I was born in Casablanca, Morocco, a country where traditional arts and crafts are of great diversity and multifaceted wealth.
Since my childhood I have always been attracted to drawing—reproducing all that which commands my interest or concern. And my attraction to design, fashion, and art has doubtless come from this.
With drawing I steadily developed a sense of observation, centered on forms, volumes, shapes, and colors, but with a particular and keen attention for details. I still keep a large stack of images which inspire me every single day.
I studied the art of crafting a piece of Haute Couture clothing at the Paris-based Ecole de la Chambre Syndicale de la Couture. And the stay in Paris has left a strong cultural impression on me.
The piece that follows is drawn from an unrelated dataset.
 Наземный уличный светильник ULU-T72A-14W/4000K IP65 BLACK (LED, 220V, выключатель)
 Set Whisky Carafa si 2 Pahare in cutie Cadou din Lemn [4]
But my sensibility is drawn, above all, by the magnificent and elegant Moroccan caftans, which are made up of deftly and finely embroidered precious fabrics.
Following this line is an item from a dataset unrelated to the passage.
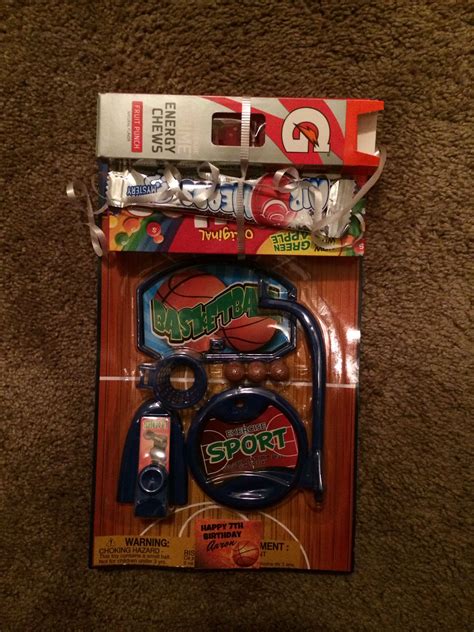 Boys basketball party favor! Basketball toy from dollar tree ... Snacks ...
One of these embroideries, born from needle-point lace, has particularly so inspired me that it has naturally led me to create a line of jewelry which takes up this ancestral know-how in a new and unprecedented manner.
Combining Moroccan and European influences, the jewel is the product of a unique blend which reflects the two cultures and their mutually complementary universes, where I grew up.
Every item is entirely hand-made and then minutely embroidered. Each item thus takes between five and twenty-five hours of work—labor which confers on the artifact all of its value.
Produced in extremely limited quantity, the jewel fully expresses its uniqueness.
«Any renewal, any modernity must necessarily transit by tradition», according to Farid Belkahia, a contemporary Moroccan artist, adding that «every individual has his own history and diversity is a treasure to be cherished»
A butterfly, as a symbol of ephemeral nature that is continually renewed, constitutes an inexhaustible source of inspiration, as well as a plethora of unparalleled forms and colors.
Henri Matisse «Laurette with turban and yellow jacket». After his two stays in the city of Tangier, this 1917 portrait reflects Matisse’s perennial interest in the East.
Zellige, baked clay mosaic wholly hand-crafted is an aspect of traditional Moroccan craft industry with geometrically complex and visually captivating shapes. (Medersa Fès – XIVth century)
Paul klee’s watercolors made during his 1914 Tunisia trip will make of him a pioneer of the Abstract Art. In this country, a new kind of geometry, inspired by kairouanese carpets patterns, was born under his brushes. «Colour possesses me, i don’t need to catch it anymore»
Romeo Gigli, an italian designer from the 80’s, and his immoderate taste for ethnic jewellery and traditional embroidery. He was associating with great talent, rich and rare materials, which defined a pictorial and poetic fashion.
Gustav klimt’s rich decoration pops out in 1905’s «The expectation», an ornamental tree of life made during an intense period of creativity called «The gold cycle».
“Moroccan embroidery impregnated by Arab, Amazigh, and Andalusian cultures is rich in diversity as each city has its own and perfectly identifiable style. (the upper facet of a chest – Rabat XIXth century).